From: House Committee on Science, Space, and Technology
Posted: Wednesday, January 29, 2020
Thank you for holding this markup, Chairwoman Horn. Today, the subcommittee will mark up H.R. 5666, the NASA Authorization Act of 2020. This markup is the first of many steps in the legislative process that will undoubtedly yield a much-improved product from what lies before us today.
Last March, Vice President Pence announced an ambitious goal to return astronauts to the Lunar surface in five years. I, along with several of my colleagues on the committee, offered strong support of this goal. NASA subsequently named this effort the Artemis program and we have seen tremendous progress from NASA toward this goal in the ten months since this announcement.
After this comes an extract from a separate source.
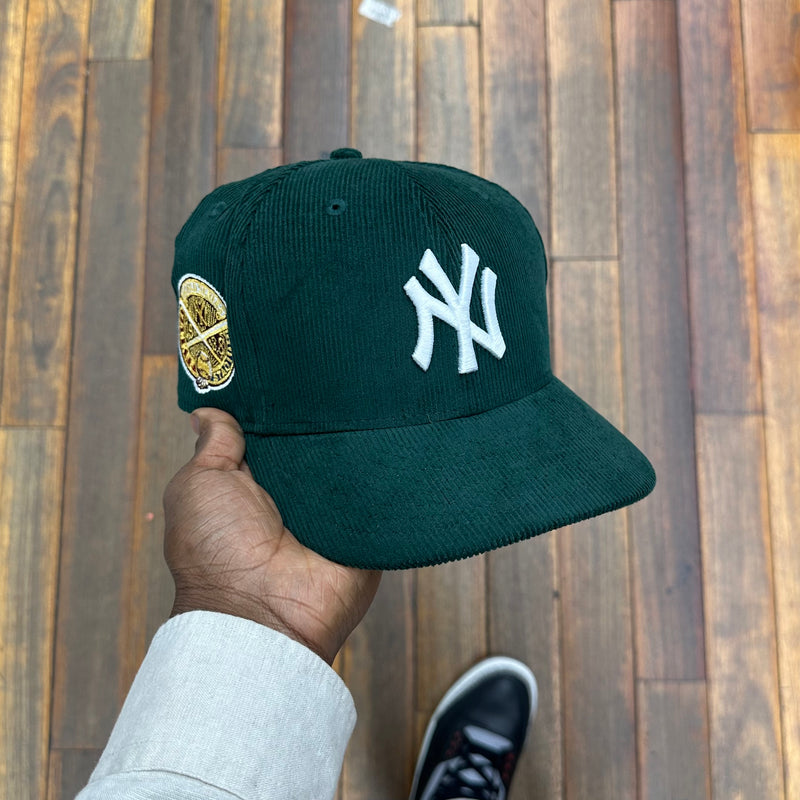 New York Yankees Dark Green Corduroy 1938 World Series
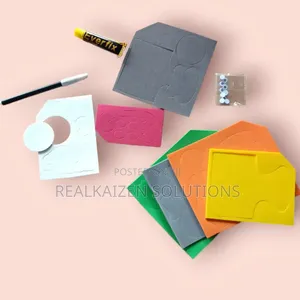DIY EVA Finger Family Puppet Making Kit for Children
During the drafting of this bill, I made clear my top priority is to ensure that this committee supports the Artemis program and that nothing in this legislation would be a roadblock to NASA putting astronauts on the moon by 2024. I would not have joined this bill as a cosponsor if I believed it inhibited NASA’s efforts to achieve this goal. Rather, I believe this bill provides NASA the authorities necessary to achieve this goal and continue progress toward the long-term goal of sending humans to Mars.
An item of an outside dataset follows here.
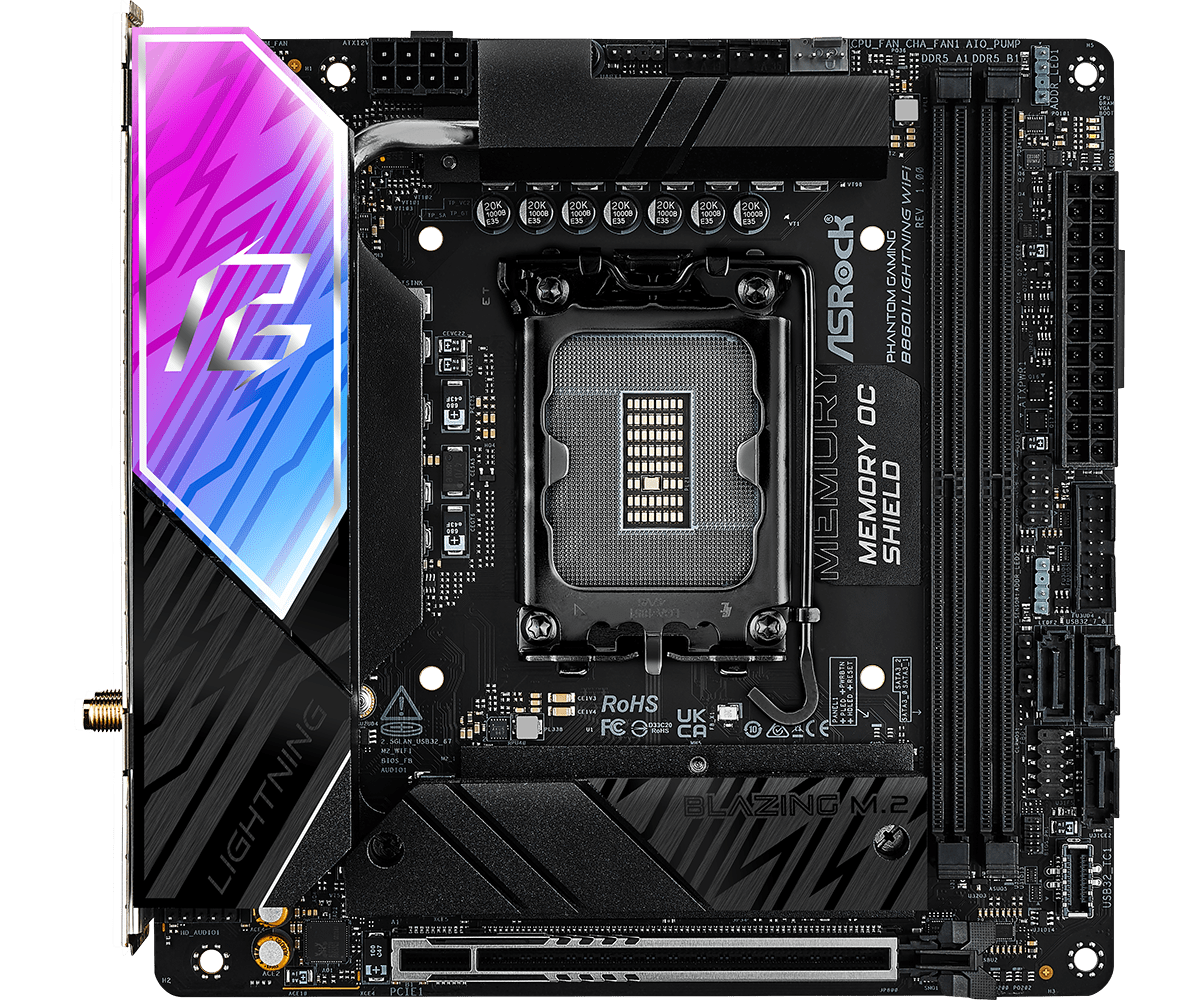 ASROCK B860I LIGHTNING WIFI MOTHERBOARD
This bill provides the infrastructure necessary to achieve the Vice President’s goals by maintaining strong support for the Space Launch System and the Orion crew module. The bill authorizes the gateway, which would be known as the Gateway to Mars under this bill. The bill also establishes a Moon to Mars program office, which will allow NASA to better coordinate its efforts to send astronauts beyond low earth orbit.
While the bill’s human exploration provisions receive the majority of attention, it is important to remember that NASA has a broad mission and this bill provides tools and authorities to carry out this mission. This bill authorizes important science missions and instruments to explore the solar system and answer fundamental questions about the universe. The legislation directs NASA’s research efforts to help create safer, faster commercial air travel across the country. This bill also directs the National Space Council to prepare a report on China’s space capabilities and recommend a strategy to Congress on how best to maintain U.S. leadership in space exploration.
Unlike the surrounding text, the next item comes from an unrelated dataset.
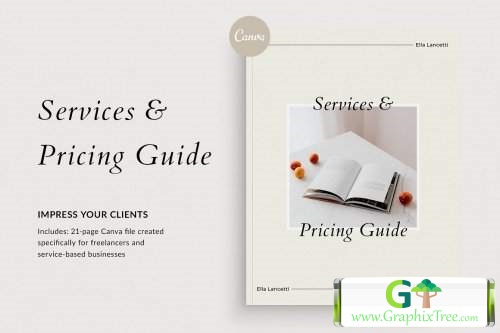 Services & Pricing Guide | Canva [Powerpoint] [Indesign & Powerpoints]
The bill before us is not the NASA authorization the Republicans on the committee would have offered if we were in the majority. However, I recognize that we are in the minority and the legislative process offers opportunities to improve the legislation.
In the days since this bill’s introduction, I have heard from a wide range of advocates representing all aspects of space exploration both praising and raising concerns about the bill. I want to assure them I intend to continue working to ensure that the House-authored NASA authorization bill is the best product we can put forward that balances NASA’s priorities and resources.
Thank you, Chairwoman Horn. I yield back.